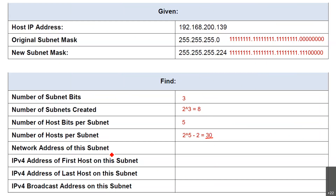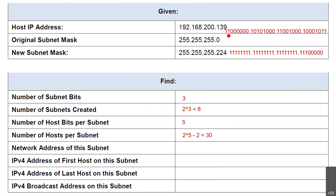Next, find the network address of this subnet. In order to find the network address, we have to take the binary format of this IP address and the binary format of the new subnet mask, and then do an AND operation. So let's do that.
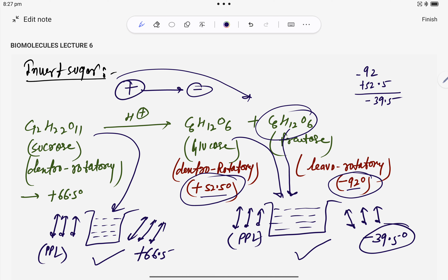So that is all about sucrose — the formation of sucrose is now complete. In the next video, we will finish the formation of lactose and maltose together, and then carbohydrates will be completed. Thank you children, do your preparation well. All the best.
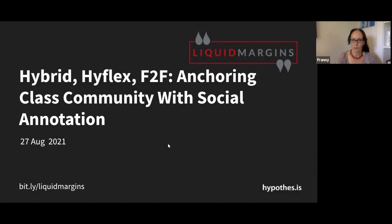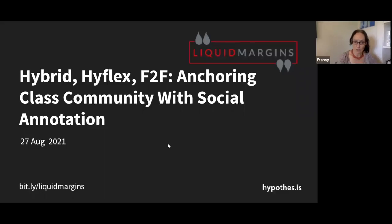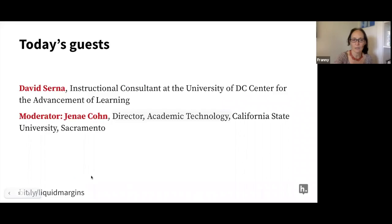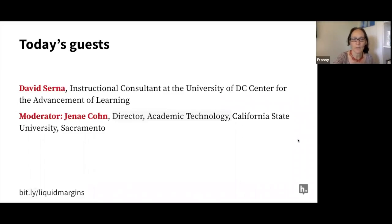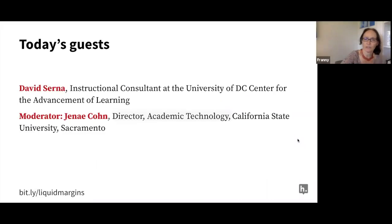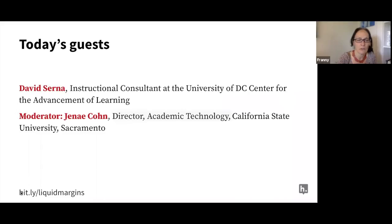Welcome to Liquid Margins. My name is Frannie and I'm your host. This is Hybrid HyFlex F2F Anchoring Class Community with Social Annotation. Today's guests are David Cerna, an instructional consultant at the University of D.C. Center for the Advancement of Learning, and moderator Janae Cohn, Director of Academic Technology at California State University Sacramento.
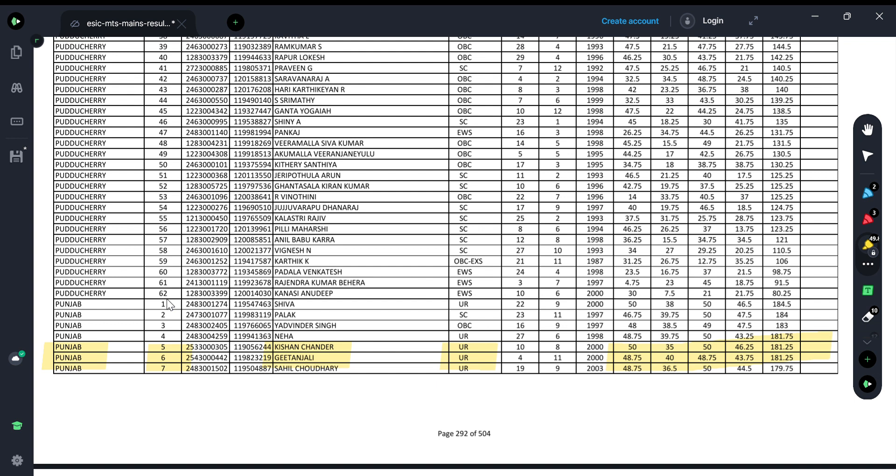So don't just be happy with your name in the list. There is also a minimum qualifying mark. You have to check vacancies corresponding to your category and whether you stand in that range.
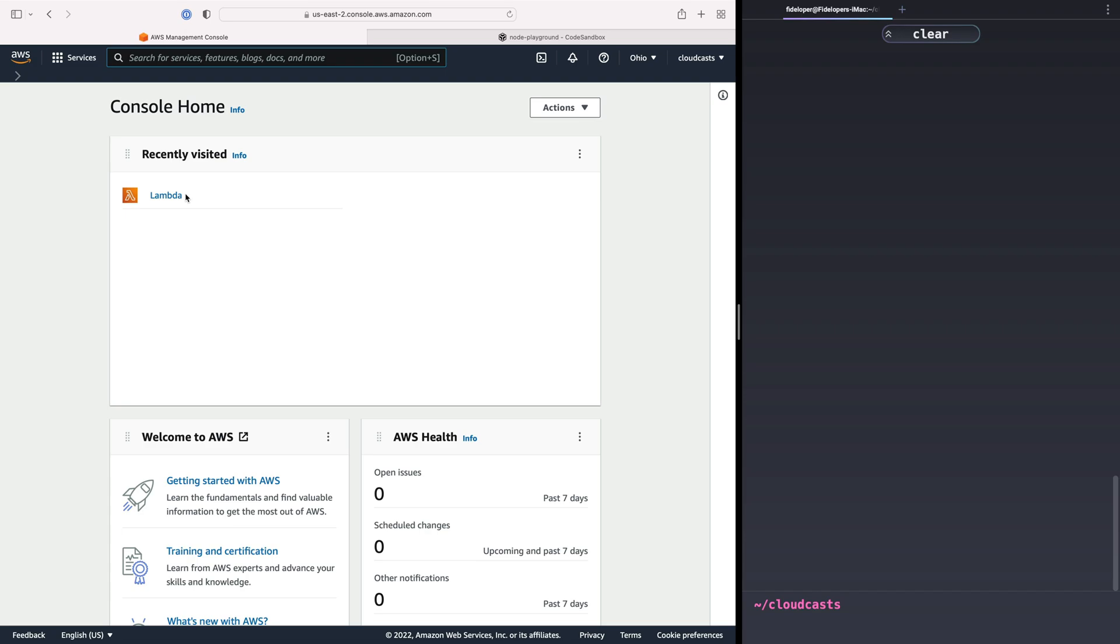Serverless is a big topic today. When we talk about serverless with AWS, we're talking about using a service called Lambda.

• • •

**Exercise requirements**
What you return should be only the exact lines from the top of the entries through the line with "So don't just", minus the pictures.

**Result of the task**
Next, find the network address of this subnet. In order to find the network address, we have to take the binary format of this IP address and the binary format of the new subnet mask, and then do an AND operation. So let's do that.
So that is all about sucrose — the formation of sucrose is now complete. In the next video, we will finish the formation of lactose and maltose together, and then carbohydrates will be completed. Thank you children, do your preparation well. All the best.
Welcome to Liquid Margins. My name is Frannie and I'm your host. This is Hybrid HyFlex F2F Anchoring Class Community with Social Annotation. Today's guests are David Cerna, an instructional consultant at the University of D.C. Center for the Advancement of Learning, and moderator Janae Cohn, Director of Academic Technology at California State University Sacramento.
So don't just be happy with your name in the list. There is also a minimum qualifying mark. You have to check vacancies corresponding to your category and whether you stand in that range.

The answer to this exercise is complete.